WHAT IS EXPECTED - Under this line is a listing; return exactly the lines starting at the one with "A light gray" and running down to the one with "Player with a", and leave out its pictures.

EXTRACTED INFORMATION -
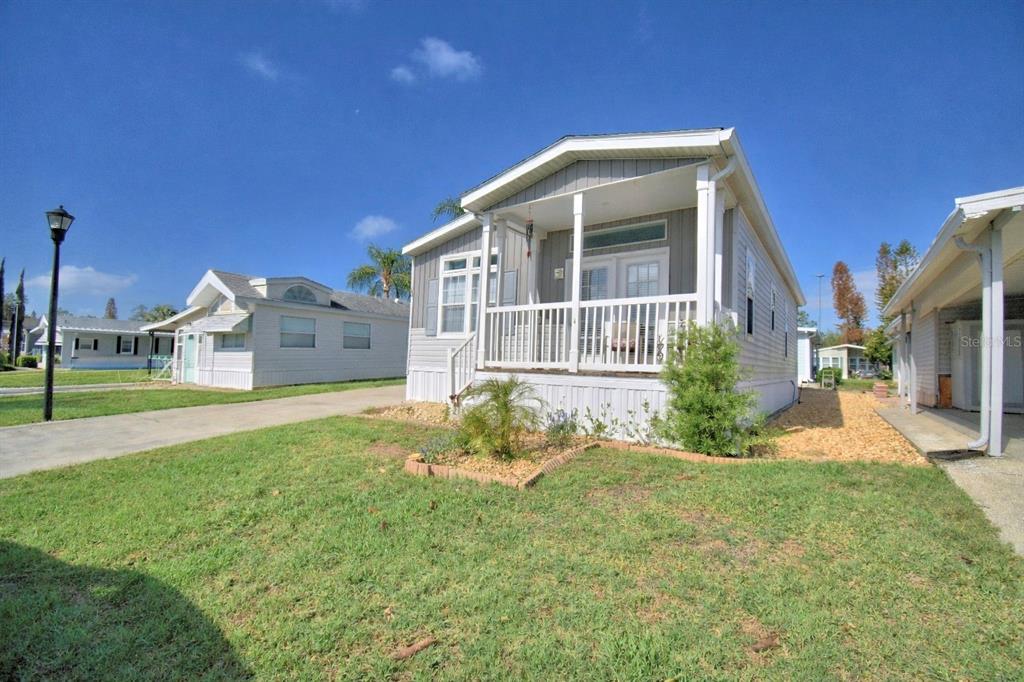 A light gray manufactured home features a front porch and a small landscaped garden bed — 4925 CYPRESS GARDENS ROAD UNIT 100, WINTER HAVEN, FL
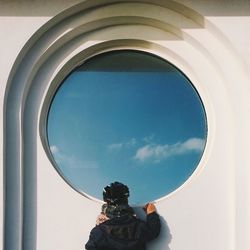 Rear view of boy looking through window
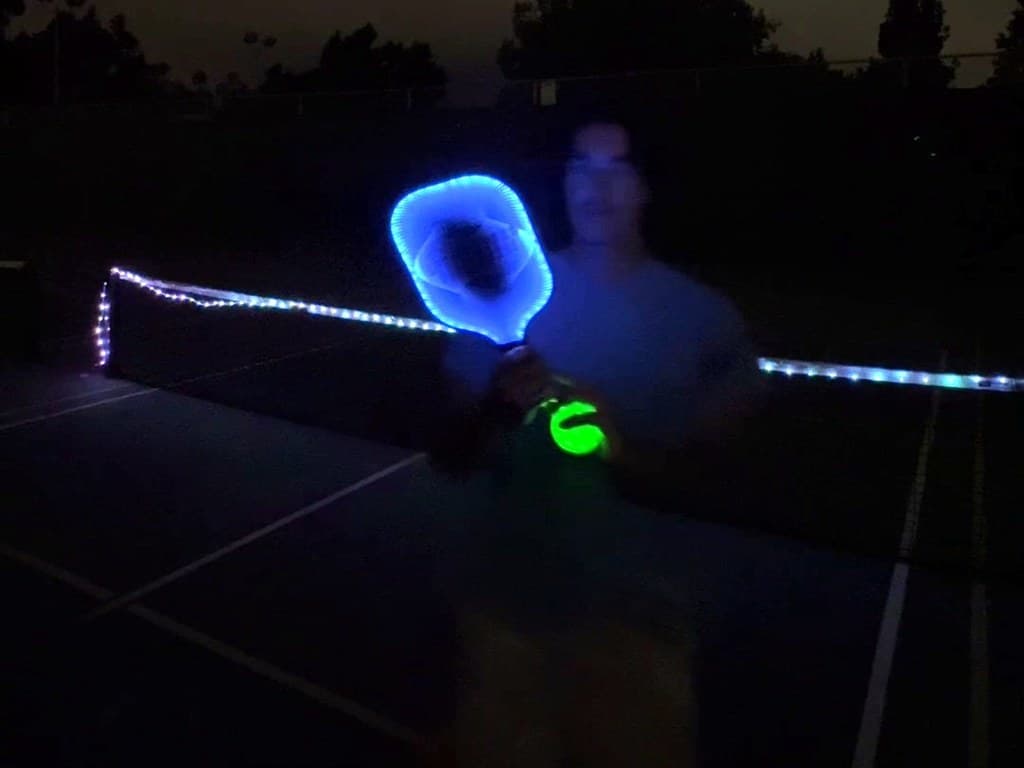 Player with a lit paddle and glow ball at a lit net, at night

...

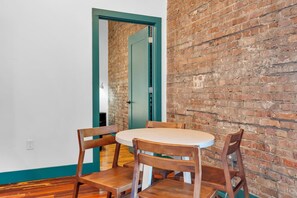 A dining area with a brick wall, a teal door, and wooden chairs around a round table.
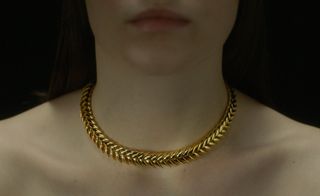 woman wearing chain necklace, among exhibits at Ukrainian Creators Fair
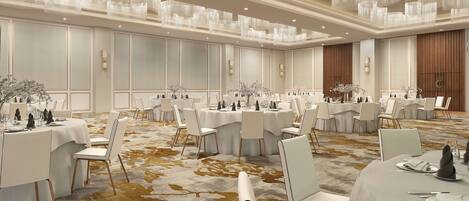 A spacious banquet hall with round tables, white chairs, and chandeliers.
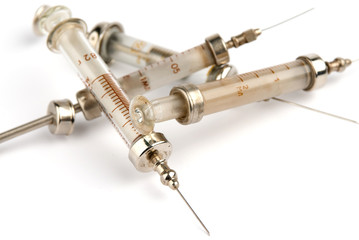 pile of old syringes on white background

* * *

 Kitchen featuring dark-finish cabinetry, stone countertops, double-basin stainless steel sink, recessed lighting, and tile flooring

WRITTEN SOLUTION -
 A light gray manufactured home features a front porch and a small landscaped garden bed — 4925 CYPRESS GARDENS ROAD UNIT 100, WINTER HAVEN, FL
 Rear view of boy looking through window
 Player with a lit paddle and glow ball at a lit net, at night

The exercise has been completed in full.